A view of the Institute for wine and vine research (SVV), in Villenave-d Ornon, southwestern France, Monday, March 1, 2021. (AP Photo/Christophe Ena)
Plus, he said, "Grapes…are very healthy for the astronauts."
Private investors helped fund the project. The overall cost wasn't disclosed.
For the average earthling, the main question is: What does cosmic wine taste like?
"For me, the difference between the space and earth wine…it wasn't easy to define," said Franck Dubourdieu, a Bordeaux-based agronomist and oenologist, an expert in the study of wine and wine-making.
Researchers said each of the 12 panelists had an individual reaction. Some observed "burnt-orange reflections." Others evoked aromas of cured leather or a campfire.
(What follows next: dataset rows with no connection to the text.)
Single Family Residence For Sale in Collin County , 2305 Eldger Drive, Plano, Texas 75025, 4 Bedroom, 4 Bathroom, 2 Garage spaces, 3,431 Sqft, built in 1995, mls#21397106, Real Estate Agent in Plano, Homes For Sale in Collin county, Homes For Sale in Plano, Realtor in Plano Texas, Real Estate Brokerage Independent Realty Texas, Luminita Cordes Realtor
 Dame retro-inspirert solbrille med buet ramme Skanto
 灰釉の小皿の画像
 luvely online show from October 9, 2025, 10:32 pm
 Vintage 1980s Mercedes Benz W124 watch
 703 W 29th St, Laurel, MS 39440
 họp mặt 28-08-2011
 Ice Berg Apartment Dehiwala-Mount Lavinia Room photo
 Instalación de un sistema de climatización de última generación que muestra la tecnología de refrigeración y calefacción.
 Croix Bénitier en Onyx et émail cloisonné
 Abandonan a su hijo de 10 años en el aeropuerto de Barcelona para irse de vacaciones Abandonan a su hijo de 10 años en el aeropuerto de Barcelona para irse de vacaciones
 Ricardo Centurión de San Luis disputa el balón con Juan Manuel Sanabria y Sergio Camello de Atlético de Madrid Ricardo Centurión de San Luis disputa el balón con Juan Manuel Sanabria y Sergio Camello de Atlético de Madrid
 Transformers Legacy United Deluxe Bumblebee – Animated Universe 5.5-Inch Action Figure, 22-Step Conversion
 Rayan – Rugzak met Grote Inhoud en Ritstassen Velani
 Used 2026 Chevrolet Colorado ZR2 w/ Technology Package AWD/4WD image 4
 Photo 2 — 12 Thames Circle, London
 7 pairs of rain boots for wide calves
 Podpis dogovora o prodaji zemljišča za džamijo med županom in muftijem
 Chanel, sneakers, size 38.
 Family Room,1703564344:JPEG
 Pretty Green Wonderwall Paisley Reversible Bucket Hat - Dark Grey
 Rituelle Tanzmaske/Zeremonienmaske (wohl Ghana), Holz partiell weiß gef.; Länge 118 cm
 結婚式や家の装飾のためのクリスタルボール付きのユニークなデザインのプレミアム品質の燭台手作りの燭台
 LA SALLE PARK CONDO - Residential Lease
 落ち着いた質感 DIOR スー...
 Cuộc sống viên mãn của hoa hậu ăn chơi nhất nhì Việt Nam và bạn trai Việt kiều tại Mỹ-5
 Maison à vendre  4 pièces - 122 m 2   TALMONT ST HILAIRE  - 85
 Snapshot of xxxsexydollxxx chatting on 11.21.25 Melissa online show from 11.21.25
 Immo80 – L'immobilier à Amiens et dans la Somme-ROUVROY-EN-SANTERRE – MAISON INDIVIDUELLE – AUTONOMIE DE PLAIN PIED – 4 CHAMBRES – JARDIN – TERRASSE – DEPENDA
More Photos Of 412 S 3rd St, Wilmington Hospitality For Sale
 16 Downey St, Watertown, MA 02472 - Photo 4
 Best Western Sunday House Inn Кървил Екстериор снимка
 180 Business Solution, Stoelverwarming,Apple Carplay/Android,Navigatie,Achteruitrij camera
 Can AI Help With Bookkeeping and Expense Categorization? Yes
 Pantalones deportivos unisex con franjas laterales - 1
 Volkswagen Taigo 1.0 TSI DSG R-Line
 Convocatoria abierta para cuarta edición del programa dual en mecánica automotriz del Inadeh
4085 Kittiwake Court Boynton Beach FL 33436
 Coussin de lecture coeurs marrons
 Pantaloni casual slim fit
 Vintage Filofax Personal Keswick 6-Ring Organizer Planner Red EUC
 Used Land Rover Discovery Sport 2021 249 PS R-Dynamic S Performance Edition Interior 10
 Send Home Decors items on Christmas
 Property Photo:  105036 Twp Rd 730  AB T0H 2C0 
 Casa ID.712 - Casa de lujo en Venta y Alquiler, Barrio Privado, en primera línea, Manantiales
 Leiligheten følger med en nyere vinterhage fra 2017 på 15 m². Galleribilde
Philippe Darriet, president of the Institute for Wine and Vine Research (ISVV) and chief oenologist holds a bottle of Petrus red wine that spent a year orbiting the world in the International Space Station after a tasting session at the ISVV in Villenave-d Ornon, southwestern France, Monday, March 1, 2021. (AP Photo/Christophe Ena)
"The one that had remained on Earth, for me, was still a bit more closed, a bit more tannic, a bit younger. And the one that had been up into space, the tannins had softened, the side of more floral aromatics came out," Anson said.
But whether the vintage was space-flying or earthbound, she said, "They were both beautiful."